It’s been more than 15 months since news broke that Tom Brady (above, right) had reached a deal to acquire a minority stake in the Raiders from team owner Mark Davis (above, left). But fellow NFL owners have been slow to approve the purchase, which keeps hitting speed bumps.
This week, at the special owners meeting in Minnesota that saw the league approve private equity investment in franchises, the 32 clubs also received an update on Brady’s bid for a piece of Las Vegas.
With Brady’s pending deal to become a Raiders limited partner, he will face severe restrictions in his new role as the lead NFL game analyst at Fox Sports, as first reported by ESPN. Even before a potential deal is approved, he will be prohibited from taking part in basic analyst duties like attending broadcast production meetings with coaches and players as well as watching practices, among other non-media-related limitations.
Fox signed Brady to a 10-year, $375 million contract. Now he’ll have an extra challenge to make that payday worthwhile.
What Happens in Vegas …
This week’s news is just the latest in the complicated saga surrounding Brady’s attempt to become part of the Raiders ownership group.
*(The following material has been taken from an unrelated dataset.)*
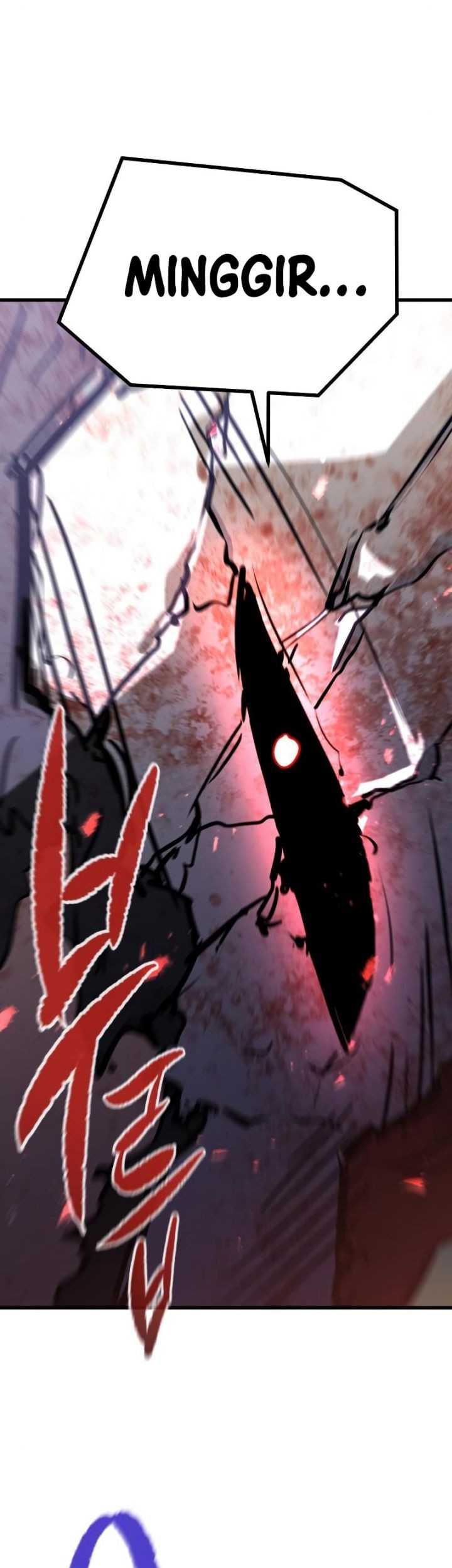Phantom Spirit King Chapter 32 Gambar 75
Initially, NFL owners balked at the discounted price Davis was willing to give Brady—potentially up to 70%—in exchange for between a 5% and 10% stake in the franchise. At the time, Las Vegas was valued at $6.2 billion. In July, Pro Football Hall of Famer Richard Seymour was said to be partnering with Brady to purchase a stake in the Raiders, per ProFootballTalk.
NFL owners have fall meetings scheduled in Atlanta in October. They could potentially take a vote on approving Brady’s bid then. Or, it could continue to remain in limbo as it has been for more than a year.